▶ **PROBLEM REQUIREMENTS**: Without the pictures, reproduce the entries below exactly.

DATA FOR THIS TASK START

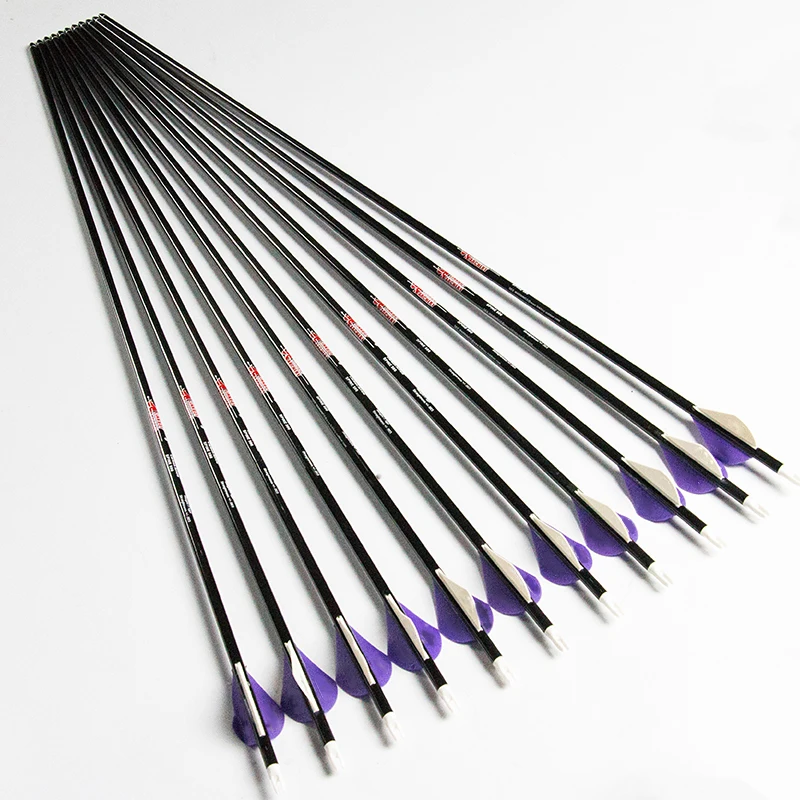 

Linkboy Archery 12pcs Sp300-600 30inch 32inch Carbon Arrow +3pcs Free 125gr Broadhead for Compund Bow Archery Hunting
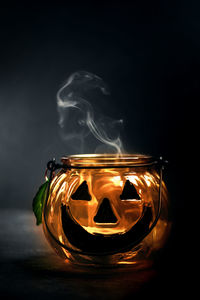 Close-up of pumpkin shape halloween lamp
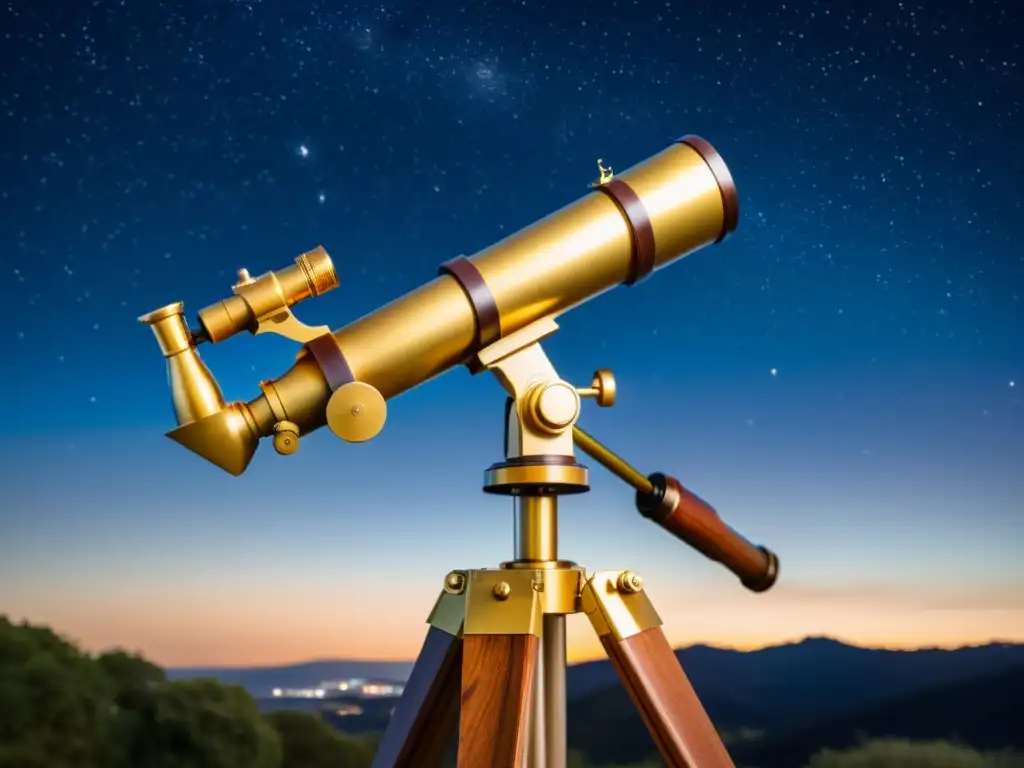 Montura de telescopio vintage sobre trípode de madera, apuntando a las estrellas en una noche estrellada, evocando la observación de constelaciones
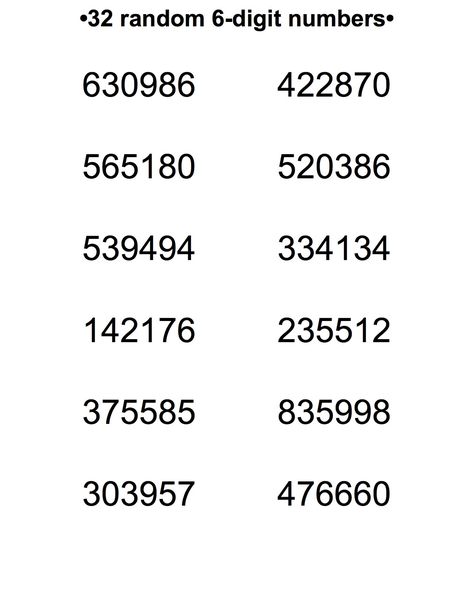 32 Random 6-Digit Numbers to print 4 Digit Number Password Ideas, 6 Digit Passcode Ideas, Aesthetic Password Ideas Number, Passwords Ideas Iphone, 6 Digit Passcode Ideas Iphone, Phone Password Ideas Numbers, Passcode Ideas Iphone, Aesthetic Password Ideas, Password Ideas Numbers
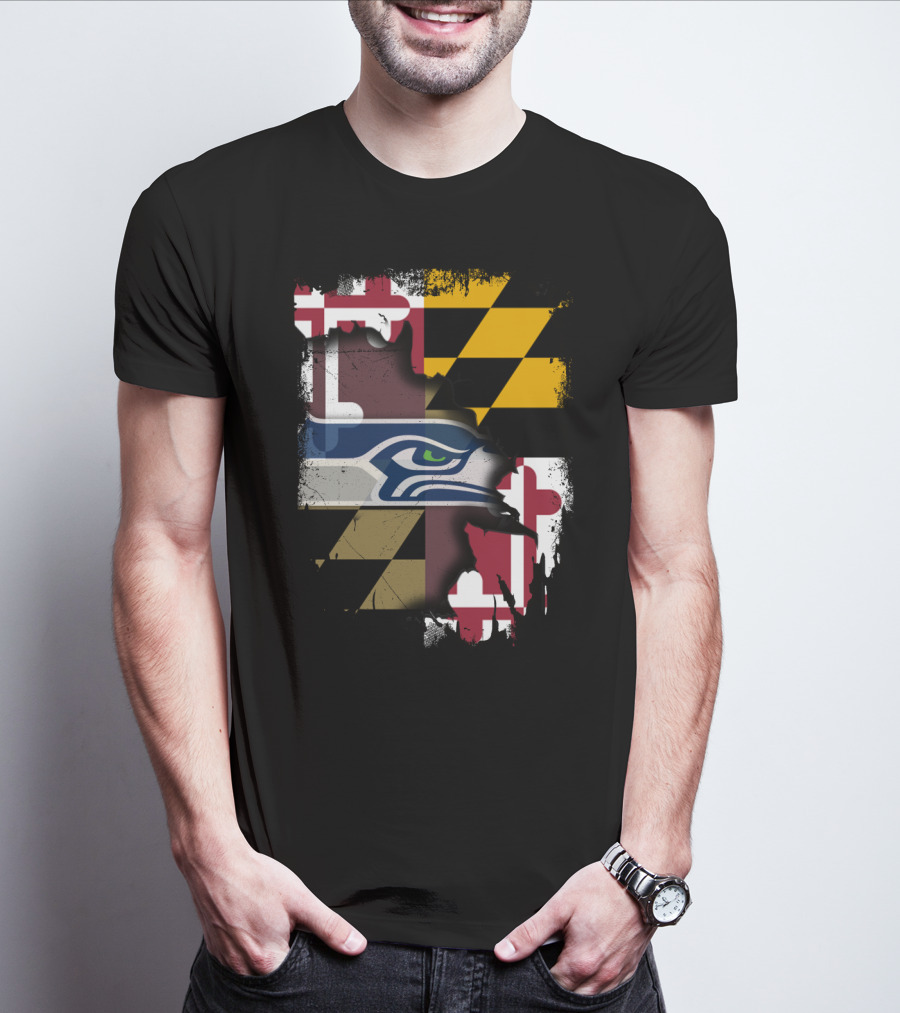Maryland Flag And Seahawks Logo Blend T-Shirt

DATA FOR THIS TASK END

▶ **TASK ANSWER**:
Linkboy Archery 12pcs Sp300-600 30inch 32inch Carbon Arrow +3pcs Free 125gr Broadhead for Compund Bow Archery Hunting
 Close-up of pumpkin shape halloween lamp
 Montura de telescopio vintage sobre trípode de madera, apuntando a las estrellas en una noche estrellada, evocando la observación de constelaciones
 32 Random 6-Digit Numbers to print 4 Digit Number Password Ideas, 6 Digit Passcode Ideas, Aesthetic Password Ideas Number, Passwords Ideas Iphone, 6 Digit Passcode Ideas Iphone, Phone Password Ideas Numbers, Passcode Ideas Iphone, Aesthetic Password Ideas, Password Ideas Numbers
Maryland Flag And Seahawks Logo Blend T-Shirt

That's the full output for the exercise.